» WORK ITEM:
Take the lines from the one containing "355 Wakefield Run Blvd, Hinckley, OH 44233" through the end of the material and write them out exactly, omitting pictures.

» DATA EXTRACT:
--- START ---

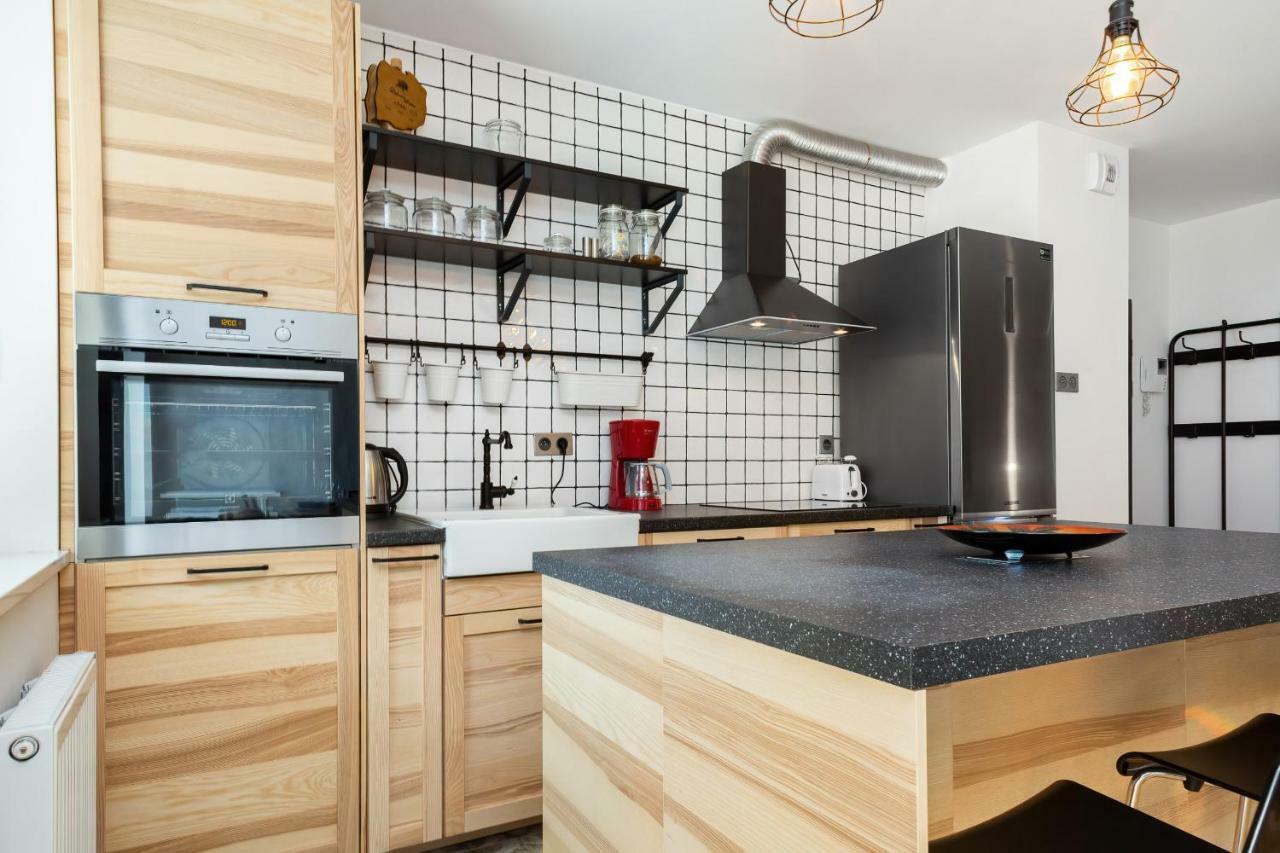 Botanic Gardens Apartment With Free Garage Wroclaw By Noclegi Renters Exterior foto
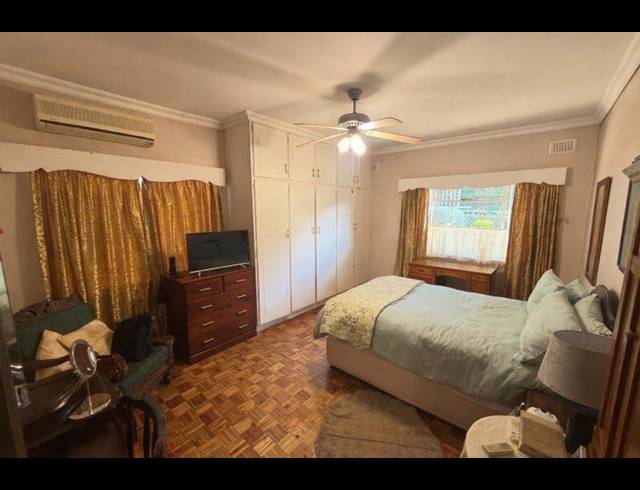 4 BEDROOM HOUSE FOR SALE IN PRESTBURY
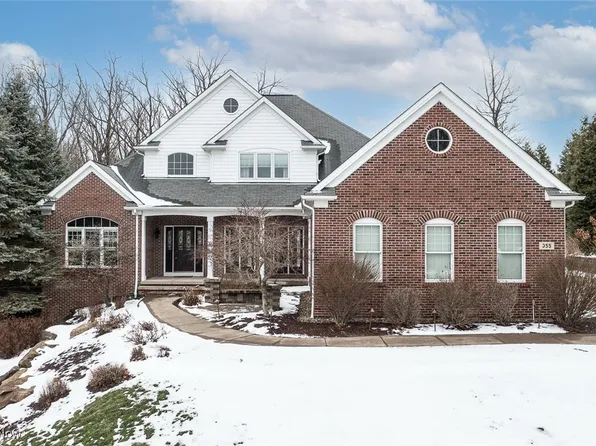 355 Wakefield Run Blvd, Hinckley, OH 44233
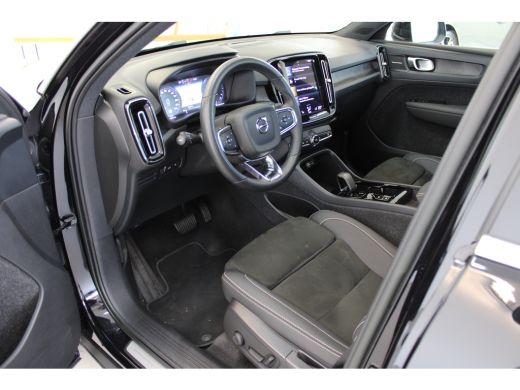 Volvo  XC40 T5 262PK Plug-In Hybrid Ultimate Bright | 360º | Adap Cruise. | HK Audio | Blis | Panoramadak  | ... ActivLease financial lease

--- END ---

» REPLY TO THE TASK:
 355 Wakefield Run Blvd, Hinckley, OH 44233
 Volvo  XC40 T5 262PK Plug-In Hybrid Ultimate Bright | 360º | Adap Cruise. | HK Audio | Blis | Panoramadak  | ... ActivLease financial lease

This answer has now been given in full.